Мысленными пинками выгоняю себя в зал. Чудом вовремя. Злюсь на себя. Какая же я все-таки размазня! Рику следовало бы наказать меня за то, что три минуты гипнотизировала матрас вместо того, чтобы выйти на тренировку.
Нахожу его на привычном месте – в кресле у журнального столика. Убирает телефон в карман джинсов. Смотрит на меня пару мгновений и с гримасой отвращения на лице спрашивает:
– Ты смыла косметику? – и добавляет возмущенно: – Зачем?
Делает пару шагов и останавливается вплотную, нависая надо мной пугающим великаном. Душа уходит в пятки. В желудке собирается ком страха.
– Она выглядела плохо, сэр, – отвечаю с опаской.
Получается тихо, на грани слышимости, словно голос вдруг охрип.
– В таком случае ее надо было поправить, – более сурово говорит Рик, и с досадой продолжает: – А не смывать. Совсем ты бестолковая! Всему тебя надо учить!
Недовольный, стоит руки в боки, как будто размышляя, как меня покарать за очередную тупость. Сквозь страх в душе поднимается возмущение – это была не тупость… Я смыла косметику, потому что… вернулась домой. Так все делают!
Нельзя говорить! Молчи! Стискиваю челюсти, чтобы ничего не вякнуть – но как же хочется оправдаться! Если бы он знал, что я свыклась с бункером и считаю его домом, может, не стал бы так издеваться?
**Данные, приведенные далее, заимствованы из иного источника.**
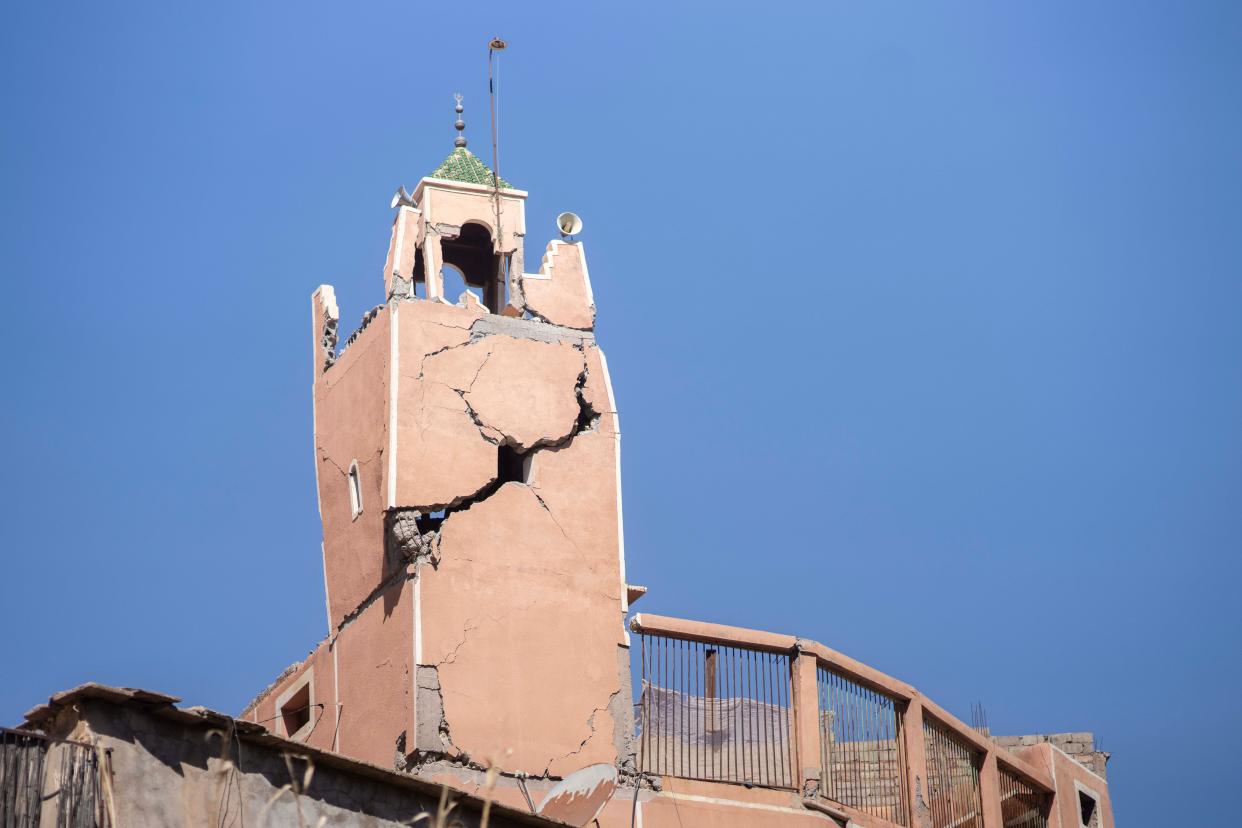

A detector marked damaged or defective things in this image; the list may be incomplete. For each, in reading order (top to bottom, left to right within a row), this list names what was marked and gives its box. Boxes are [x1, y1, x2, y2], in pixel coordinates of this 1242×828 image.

broken concrete edge [19, 685, 571, 828]
damaged minaret [243, 98, 635, 784]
Мы молча играем в гляделки. Рик выглядит свирепо. Страх неумолимо вытесняет злость. Стою не двигаясь – страшно неверно пошевелиться – и каждое мгновение жду, что сейчас он снова сделает какое-нибудь резкое движение, которого я даже не замечу, и для меня оно закончится болью. Но вместо этого Рик спрашивает:
– Сильно устала? – заботливый вопрос, но интонация издевательская.
– Да, сэр, – отвечаю честно. И плевать, какой ответ он хотел услышать. Врать не буду.
– Поблагодари небеса, что я не планировал серьезно мучить тебя сегодня, – ехидная хозяйская усмешка выбивает зыбкую почву из-под моих макаронных ног.
Так до этого он намеренно меня мучил?! Задыхаюсь в приступе негодования. За что?! Но еще интереснее – зачем сообщать мне об этом? Как будто глумится, мол, сколько ты еще сможешь мне доверять? Это жестоко – на каждом шагу проверять мою веру!
– Двадцать пять кругов пробежки, – продолжает Рик. Серьезные обычно глаза азартно улыбаются. – И столько же приседаний после. Начнем с малого.
С малого?! Да я еле ноги переставляю! Накатывает отчаяние, но требовательный взгляд Рика возвращает в реальность. Он обозначил задачу, не стоит заставлять ждать. Начинаю пробежку, моля небеса, чтобы мне хватило сил дотянуть до конца тренировки.
12. Без следов
Наблюдая за Макс в парке, я все больше поражался ее выдержке – или вере в меня? Не двигалась с места, даже не смотрела по сторонам. Ждала, затаив дыхание. Это была проверка ее желания остаться, и она ее выдержала. Если в бункере утром я еще сомневался, думал, что она могла прикидываться, оправдывая вчерашние импульсивные пощечины, то в парке понял – именно о такой воспитаннице я мечтал все время, что занимался «помощью» отчаявшимся. Нужно лишь немного помочь, подтолкнуть – и полетит.
Забирать ее из рук офицера полиции было приятно до дрожи. С трудом выдержал дежурный тон, говоря, что дальше провожу ее сам. Голос дрожал от предвкушения. И… Макс меня удивила. Я ожидал окрыленной радости в глазах, даже думал, что она бросится ко мне в объятия, а мне придется решать, наказывать ли ее за этот порыв… Но она лишь ошарашенно хлопала ресницами. Похоже, была в шоке, не могла поверить в происходящее.
Я специально повел ее в кафе. Хотел поговорить не в бункере. Хотел… Стыдно признаться, устроить еще одну проверку. Сидя напротив, я отчетливо видел ее мимику. Оголенные эмоции, казалось, можно было потрогать. Нарочно сказал, что ждал в парке, хотел вывести ее из себя. Отчасти удалось. В глаза она не смотрела, но я заметил ярость во взгляде, которая потухла так же быстро, как и вспыхнула, сменилась на уже привычное смирение.